Both Ursula Halligan and Noel Whelan alluded, in pieces this week, to people praying for a Yes. Now, I’ve never prayed for a political result. All those referendums, even when I ran myself, I never prayed for a result, and I do pray in my private life. I pray for loved ones, for help solving problems, but I’ve never prayed for a political reason because it just seemed sordid. Yet I can’t help but be seriously moved by the fact that there are people praying for a Yes not as a theoretical win or political statement but because it will allow happiness into their personal lives.
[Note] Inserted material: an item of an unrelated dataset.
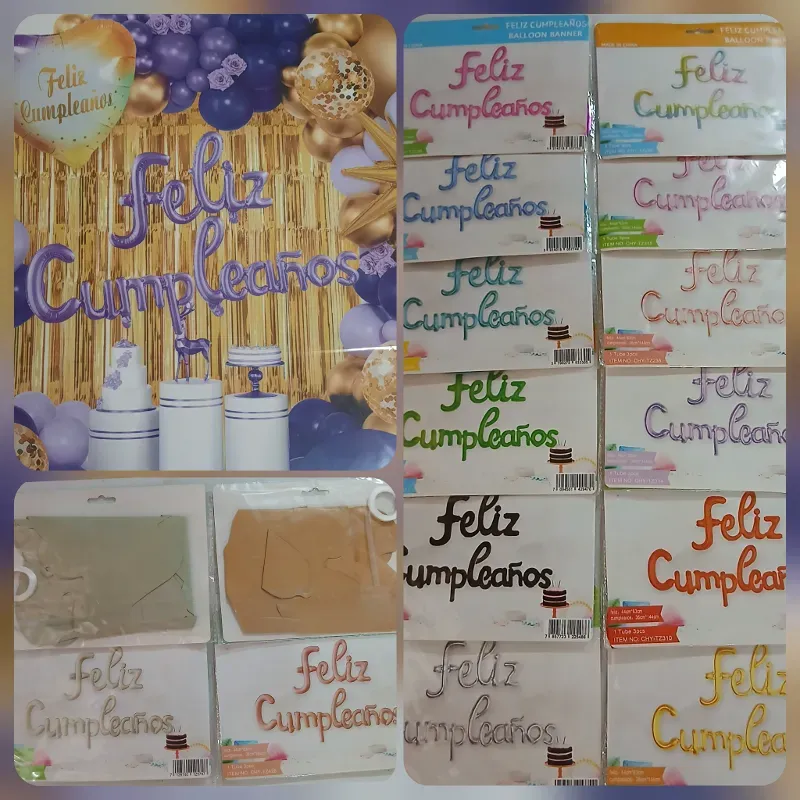 Feliz Cumpleaños Inflable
Because it will allow them yes, to marry, but also to know that a majority of their friends, relatives, work colleagues went into a polling booth and said Yes, my friend is as entitled to be happy too.

Of course, there are people praying for a No vote, but they’re praying in an abstract way, against a concept they regard as morally wrong. I doubt many of them are actually praying to actively block the personal happiness of a specific individual. Or, if they are, then the God they are praying to isn’t the same one I pray to. Indeed, if they genuinely believe that their God will smile down with pleasure and satisfaction at the brokenheartedness of actual individual people if there is a No vote, is it possible they’re accidentally praying in the wrong direction? To The Other Fella? But I digress.

It comes down to this. On May 22, you have the power of a king or a governor standing over a death warrant or a pardon. It’s your choice. The box you mark will decide whether, say, an old gay man who hid in the unhappy shadows his whole life can suddenly, for the first time in his life, feel part of us all, or you can tell him to get back in the shadows. You have that power. This referendum will be one of the most selfless things many of us will ever do because it’s in secret and it will cost us nothing. You won’t even have to justify your decision. The power to bestow happiness is in your pencil, and you have to choose to give that happiness, or for some other reason decide that someone else will be denied it and that is your will they be denied it. The happiness or the heartbreak we see on Saturday night will be our decision, our specific personal choice as individual voters. You will put a smile on a face, or tears in an eye. No one else.

This isn’t North Korea or Saudi Arabia. This is Ireland and on May 22 every one of us over 18 is The King with his quill hovering over the parchment. It’s your call.